Israel llevó a cabo este sábado una operación de rescate de cuatro rehenes en el centro de la Franja de Gaza, donde murieron al menos 210 palestinos y más de 400 resultaron heridos, mientras que Hamás asegura que en la intervención fallecieron otros rehenes.
Los rehenes rescatados con vida son Noa Argamani, de 25 años; Almog Meir Jan, de 21; Andrey Kozlov, de 27; y Shlomi Ziv, de 40, que fueron secuestrados por Hamás en el festival de música ‘Nova’ el 7 de octubre del 2023.
Es el mayor rescate que ha ocurrido desde que comenzó la guerra. La última vez que rescataron cautivos con vida fue en febrero en Rafah, a los argentino-israelíes Luis Norberto Har y Fernando Marman.
Los cuatro, que se encuentran en buen estado de salud, han sido atendidos en el Centro Médico Sheba, en el área de Tel Aviv, donde se reencontraron con sus familias e incluso fue a visitarlos el primer ministro, Benjamín Netanyahu. “Israel no se rinde ante el terrorismo y actúa con creatividad y coraje sin límites para traer a casa a nuestros secuestrados”, afirmó Netanyahu, a quien el rescate le da oxígeno para justificar su empeño en mantener la presión militar contra Hamás en vez de negociar un acuerdo de tregua y liberación de rehenes, como le exigen las familias.
VÍCTIMAS
El Gobierno gazatí de Hamás confirmó que en el operativo israelí en Nuseirat murieron al menos 210 personas y más de 400 resultaron heridas, según las víctimas que han llegado a los hospitales de Al Awda, en el campamento, y Mártires de Al Aqsa, en la cercana ciudad de Deir al Balah.
“Condenamos la agresión de la ocupación ‘israelí’ contra civiles, niños y mujeres, y contra hogares seguros en el campamento de Nuseirat”, denunció el gobierno islamista.

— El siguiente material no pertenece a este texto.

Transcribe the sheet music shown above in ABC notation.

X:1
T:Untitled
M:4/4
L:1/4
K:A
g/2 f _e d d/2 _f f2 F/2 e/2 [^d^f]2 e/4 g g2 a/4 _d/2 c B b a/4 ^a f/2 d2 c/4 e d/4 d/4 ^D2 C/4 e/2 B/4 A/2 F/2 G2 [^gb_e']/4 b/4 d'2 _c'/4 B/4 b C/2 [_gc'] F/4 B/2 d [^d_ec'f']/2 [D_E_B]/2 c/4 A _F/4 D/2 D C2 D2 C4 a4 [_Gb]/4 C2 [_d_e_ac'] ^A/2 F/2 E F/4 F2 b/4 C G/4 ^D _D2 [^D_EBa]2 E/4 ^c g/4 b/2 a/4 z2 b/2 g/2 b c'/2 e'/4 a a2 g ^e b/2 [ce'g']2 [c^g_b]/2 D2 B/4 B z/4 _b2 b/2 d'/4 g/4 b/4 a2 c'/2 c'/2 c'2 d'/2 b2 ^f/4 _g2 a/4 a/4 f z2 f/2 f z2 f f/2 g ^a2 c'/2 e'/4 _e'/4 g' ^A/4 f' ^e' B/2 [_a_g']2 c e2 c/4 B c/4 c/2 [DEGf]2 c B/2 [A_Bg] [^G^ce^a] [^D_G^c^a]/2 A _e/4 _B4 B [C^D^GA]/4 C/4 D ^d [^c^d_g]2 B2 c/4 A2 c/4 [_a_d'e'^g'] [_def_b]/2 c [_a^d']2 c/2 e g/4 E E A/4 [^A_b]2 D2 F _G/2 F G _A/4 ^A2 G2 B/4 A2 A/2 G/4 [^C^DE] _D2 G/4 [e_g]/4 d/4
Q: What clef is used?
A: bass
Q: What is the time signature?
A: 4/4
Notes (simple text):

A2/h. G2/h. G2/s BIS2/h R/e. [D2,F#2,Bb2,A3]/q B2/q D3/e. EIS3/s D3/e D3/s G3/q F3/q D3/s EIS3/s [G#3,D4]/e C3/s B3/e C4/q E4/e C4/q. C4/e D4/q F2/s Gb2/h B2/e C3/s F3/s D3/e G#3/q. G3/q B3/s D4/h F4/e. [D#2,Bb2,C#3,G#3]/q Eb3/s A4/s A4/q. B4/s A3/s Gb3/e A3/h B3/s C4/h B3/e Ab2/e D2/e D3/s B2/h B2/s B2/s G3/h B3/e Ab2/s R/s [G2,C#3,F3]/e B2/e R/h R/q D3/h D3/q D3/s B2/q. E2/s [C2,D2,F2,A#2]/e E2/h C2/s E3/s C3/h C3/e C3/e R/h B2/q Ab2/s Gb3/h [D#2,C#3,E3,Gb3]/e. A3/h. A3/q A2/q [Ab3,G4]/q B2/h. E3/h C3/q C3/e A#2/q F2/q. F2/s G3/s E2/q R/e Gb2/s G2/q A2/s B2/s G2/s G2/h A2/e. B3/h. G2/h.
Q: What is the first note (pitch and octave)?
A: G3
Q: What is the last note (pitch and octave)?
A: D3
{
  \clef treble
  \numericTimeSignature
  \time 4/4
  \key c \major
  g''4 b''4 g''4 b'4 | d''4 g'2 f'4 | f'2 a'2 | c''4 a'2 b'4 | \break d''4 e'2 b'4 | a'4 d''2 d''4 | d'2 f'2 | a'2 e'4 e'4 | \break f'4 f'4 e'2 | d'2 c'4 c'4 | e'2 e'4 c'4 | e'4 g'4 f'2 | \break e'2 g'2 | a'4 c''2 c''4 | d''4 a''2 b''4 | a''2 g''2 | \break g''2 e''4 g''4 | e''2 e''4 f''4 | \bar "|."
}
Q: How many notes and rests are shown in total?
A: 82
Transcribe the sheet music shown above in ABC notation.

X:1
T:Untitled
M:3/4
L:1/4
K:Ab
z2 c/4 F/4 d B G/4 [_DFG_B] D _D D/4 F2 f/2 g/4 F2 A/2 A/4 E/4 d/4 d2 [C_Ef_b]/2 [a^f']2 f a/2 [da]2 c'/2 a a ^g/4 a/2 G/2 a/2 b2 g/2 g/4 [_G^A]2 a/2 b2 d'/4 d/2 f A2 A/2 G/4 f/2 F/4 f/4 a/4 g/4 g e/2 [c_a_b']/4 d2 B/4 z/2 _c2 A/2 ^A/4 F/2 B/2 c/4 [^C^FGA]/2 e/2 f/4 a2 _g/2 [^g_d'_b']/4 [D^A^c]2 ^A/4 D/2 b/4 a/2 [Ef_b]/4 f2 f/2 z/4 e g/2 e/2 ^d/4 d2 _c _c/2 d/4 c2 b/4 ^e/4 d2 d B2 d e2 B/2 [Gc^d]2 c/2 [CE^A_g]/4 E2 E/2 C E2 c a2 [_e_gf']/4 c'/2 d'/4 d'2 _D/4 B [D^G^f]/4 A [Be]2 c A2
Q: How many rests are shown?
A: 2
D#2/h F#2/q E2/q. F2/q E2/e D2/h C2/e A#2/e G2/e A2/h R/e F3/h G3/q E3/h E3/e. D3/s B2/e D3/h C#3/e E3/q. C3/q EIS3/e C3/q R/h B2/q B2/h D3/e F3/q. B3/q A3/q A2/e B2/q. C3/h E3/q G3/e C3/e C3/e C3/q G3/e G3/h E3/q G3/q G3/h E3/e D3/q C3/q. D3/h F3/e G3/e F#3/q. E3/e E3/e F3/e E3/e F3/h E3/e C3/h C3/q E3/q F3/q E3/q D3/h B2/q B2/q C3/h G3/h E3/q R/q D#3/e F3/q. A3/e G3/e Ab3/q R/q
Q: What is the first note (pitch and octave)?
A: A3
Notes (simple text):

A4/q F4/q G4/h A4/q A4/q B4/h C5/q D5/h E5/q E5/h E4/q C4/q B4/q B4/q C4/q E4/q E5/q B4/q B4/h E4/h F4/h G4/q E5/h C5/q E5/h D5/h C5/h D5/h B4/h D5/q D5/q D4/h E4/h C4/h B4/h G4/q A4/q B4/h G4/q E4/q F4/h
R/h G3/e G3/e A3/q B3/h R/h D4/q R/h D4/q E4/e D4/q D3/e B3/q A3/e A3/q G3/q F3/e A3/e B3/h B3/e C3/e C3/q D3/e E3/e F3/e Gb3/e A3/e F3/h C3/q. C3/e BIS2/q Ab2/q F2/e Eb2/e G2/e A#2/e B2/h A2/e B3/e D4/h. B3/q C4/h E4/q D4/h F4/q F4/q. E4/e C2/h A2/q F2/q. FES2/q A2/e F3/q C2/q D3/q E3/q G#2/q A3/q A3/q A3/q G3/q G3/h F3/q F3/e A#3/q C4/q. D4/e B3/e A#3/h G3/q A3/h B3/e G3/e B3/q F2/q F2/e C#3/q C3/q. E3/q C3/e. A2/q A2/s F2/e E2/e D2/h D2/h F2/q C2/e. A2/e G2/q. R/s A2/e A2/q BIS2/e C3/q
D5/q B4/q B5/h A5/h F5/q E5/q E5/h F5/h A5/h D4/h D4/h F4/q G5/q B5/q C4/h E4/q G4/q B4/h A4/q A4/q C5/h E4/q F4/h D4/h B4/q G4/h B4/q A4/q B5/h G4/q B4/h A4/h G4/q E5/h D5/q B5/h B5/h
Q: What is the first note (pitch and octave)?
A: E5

La operación “Semilla de Verano” se llevó a cabo entre el Ejército, agentes del Shin Bet y la fuerza policial de élite Yamam, en dos puntos en el corazón de Nuseirat, y se saldó con la muerte de un comandante de Yamam, Arnon Zamora.
“UN CRIMEN”
Por su parte, Abu Obeida, portavoz de las Brigadas al Qasam –el brazo armado de Hamás–, aseguró que en la operación israelí murieron otros secuestrados que estaban en el área.
“El enemigo logró liberar a algunos de sus cautivos cometiendo horribles masacres, pero al mismo tiempo mató a algunos de ellos durante la operación”, aseveró en un comunicado sin aportar más pruebas.
Agregó que “lo que el enemigo sionista llevó a cabo en la zona de Nuseirat es un crimen de guerra agravado, y los primeros perjudicados por él son sus cautivos. La operación supondrá un gran peligro para los cautivos del enemigo y tendrá un impacto negativo en sus condiciones y vidas”. Las Brigadas al Qasam aseguraron hace meses que al menos 70 rehenes habían muerto en cautiverio por los “bombardeos sionistas” y el mes pasado indicó que habían hecho cautivos a varios soldados israelíes en Yabalia, norte del enclave.
Con este rescate, de los 251 secuestrados el 7 de octubre, quedan en el enclave 116 cautivos, al menos 40 de ellos muertos según Israel; mientras que hay otros cuatro rehenes desde hace años, de ellos dos muertos.
Desde que comenzó la guerra, Israel y Hamás solo lograron un acuerdo de tregua de una semana en noviembre, que permitió liberar a 105 rehenes a cambio de 240 prisioneros palestinos. Además, cuatro rehenes fueron liberados por Hamás en octubre; siete rescatados por el Ejército –contando los de hoy–; y se han recuperado los cuerpos de 20 rehenes, tres de los cuales mataron por error las tropas israelíes.